24.11.2022: Styria-Artist-in-Residence; Material Talk mit Yeongbin Lee

Yeongbin Lee - Styria-Artist-in-Residence (St.A.i.R.) im Gespräch über ihre Praxis.
WIE WIR LESEN
Eine Frage: „Wenn Pinocchio keine Ohren hat, dann...?"
Franziska Füchsl, Autorin und Buchprovisoria, und ich haben beschlossen, Übersetzungen und Figurationen auf diese angebrochene Frage zu finden. Wir wollen die Geschichte, die alle kennen, die vielfach instrumentalisiert wird, sezieren, auseinander bauen. Franziska Füchsl öffnet Pinocchio durch Sprache, Wörter und Geschichte. Als bildende Künstlerin und Geräuschsammlerin erforsche ich hörbare Bewegungen und erarbeite die Visualisierung von Klängen. Aus unterschiedlichen Perspektiven und mit verschiedenen Medien werden der Körper, die Bewegungen, das Verhalten von Pinocchio präzise gelesen und imaginiert, denn Carlo Collodi hat uns dafür in seinem Text viele bisher nicht oder kaum bemerkte Fallen gestellt.
Yeongbin Lee: Ich bin Künstlerin und Geräusche-Sammlerin; ich erforsche hörbare Bewegungen und erarbeite die Visualisierung von Klängen. Seit 2017 beschäftige ich mich mit dem Thema „hörbare Bewegungen", vielfältige Geräusche von verschiedenen Orten habe ich recherchiert und visualisiert. Mein Fokus ist dabei nicht selbst experimentelle Geräusche zu machen, sondern ich sammle alle Geräusche, die ich im Alltag höre und zerteile, zerschneide und zergliedere sie. Das wird anschließend systematisiert und visualisiert. Am Anfang des Projekts habe ich Geräusche durch Verben analysiert. Zum Beispiel: stoßen, fallen, springen, rollen ect. Wie bei einer Sprache werden verschiedene Elemente benötigt, um ein Geräusch zu erzeugen. Bewegungen, Materialeigenschaften, Geschwindigkeit, Kraft, Lautstärke usw. Die visualisierten Geräusche sind wie neue Symbole, die ohne Sprachkenntnisse verstanden werden können. Diese Beschreibungen sind sichtbar, hörbar und fühlbar. Durch diese Darstellungen möchte ich neue Erfahrungen ermöglichen.

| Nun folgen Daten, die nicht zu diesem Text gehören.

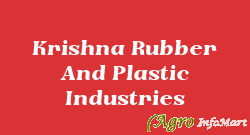 Krishna Rubber And Plastic Industries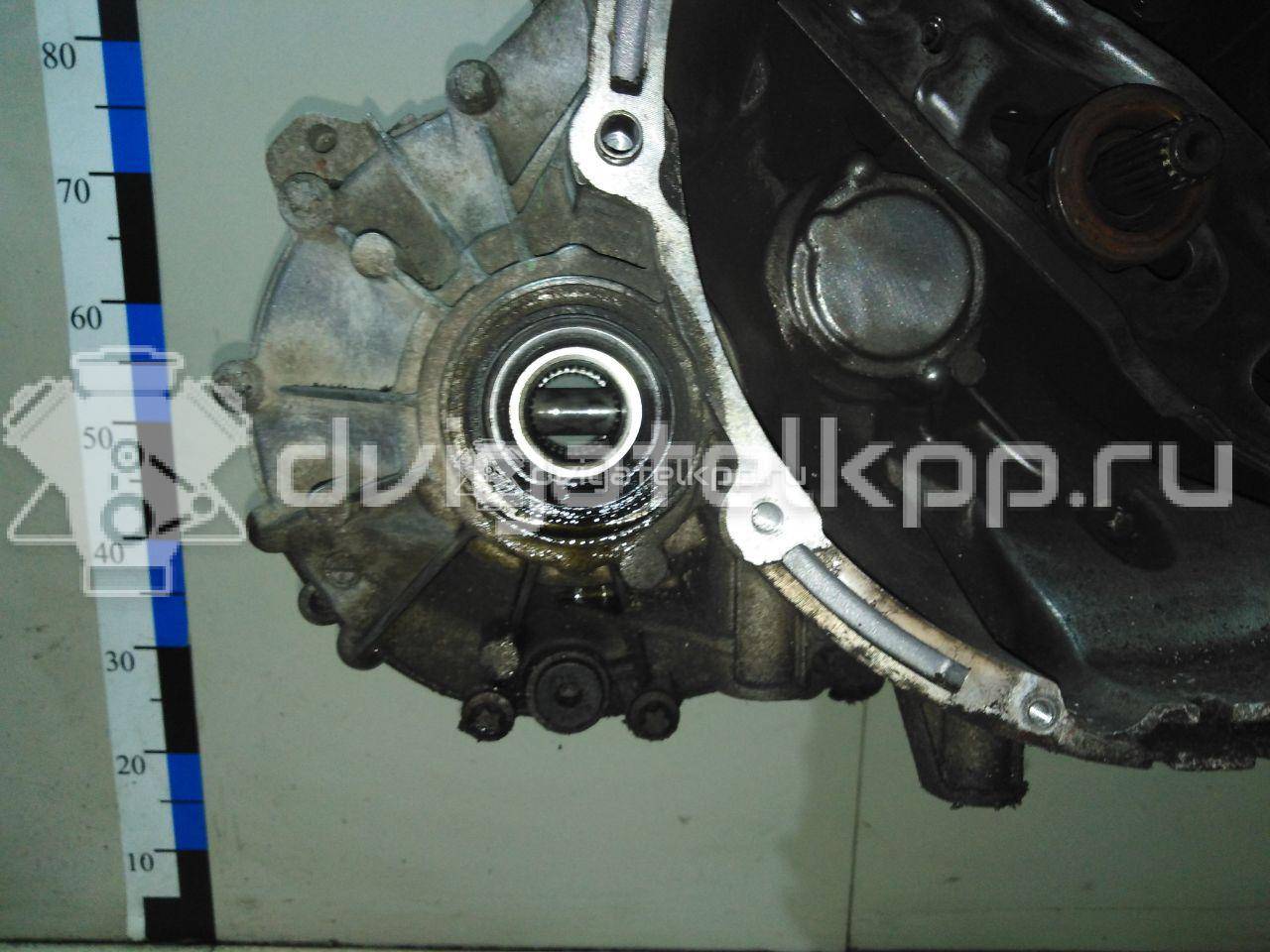 Фото Контрактная (б/у) МКПП для Mitsubishi Colt 91-95 л.с 16V 1.3 л 4A90 Бензин/газ MN130194 {forloop.counter}}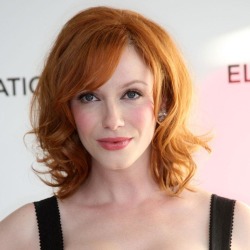Christina Hendricks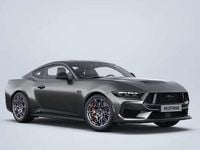 Nuova Ford Mustang GT Fastback 446 CV (328 kW) 2026 Dark matter grey Coupé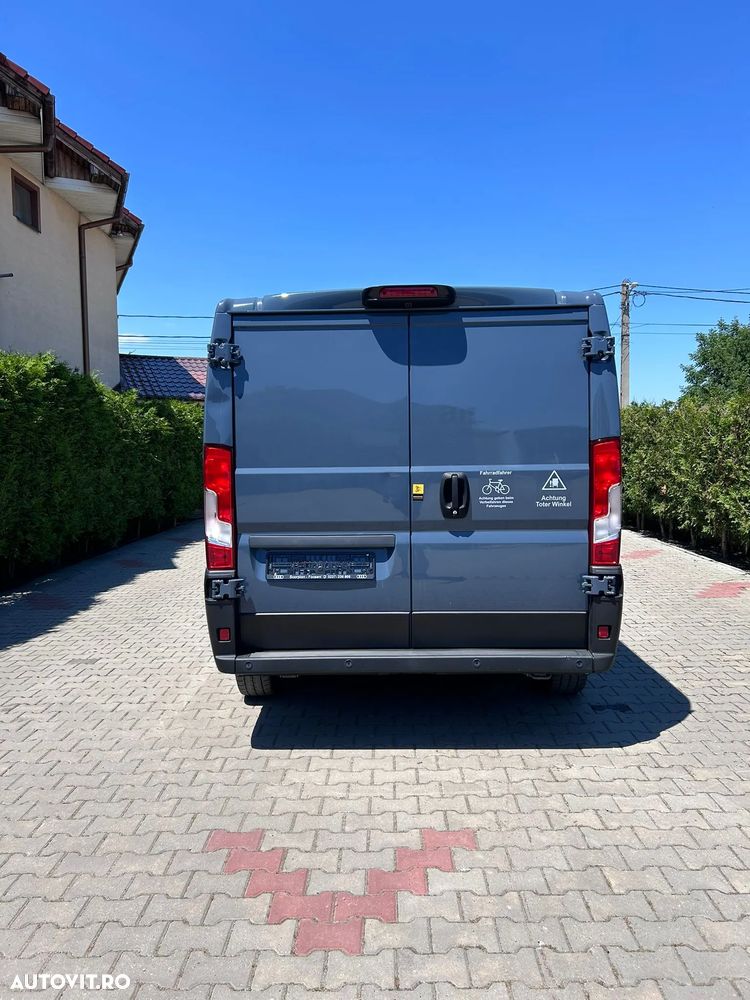 Citroën Jumper L2H1 Durisotti S&S - 2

Yeongbin Lee wurde 1985 in Südkorea geboren. Sie studierte Bildhauerei an der Seoul National University und Freie Kunst (Medien) an der Muthesius Kunsthochschule Kiel, Deutschland. Lee erhielt mehrere Preise und Stipendien, u.a. von der Recherchestipendium für Neue Musik und Klangkunst, Kulturverwaltung des Berliner Senats, das NEUSTART KULTUR-Stipendium der Stiftung Kunstfonds, Bonn, den Nachwuchs-Kunstpreis der KSD Gallery in Südkorea, Muthesius Projektförderung, Muthesius-Preis 2016, das DAAD Stipendium, sowie Arbeitsstipendium (Theater) und der Projektförderung der Kulturstiftung Schleswig-Holstein. Lee war 2018 Teilnehmerin des Goldrausch Künstlerrinnenprojekts. 2018-2022 erhielt sie Aufenthaltsstipendien von GEDOK in Lübeck, Künstlerhaus OTTE 1 in Eckernförde, Künstlerhaus Lukas in Ahrenshoop, Künstlerhaus Lauenburg und Styria-Artist-in-Residence. Sie lebt und arbeitet in Frankfurt.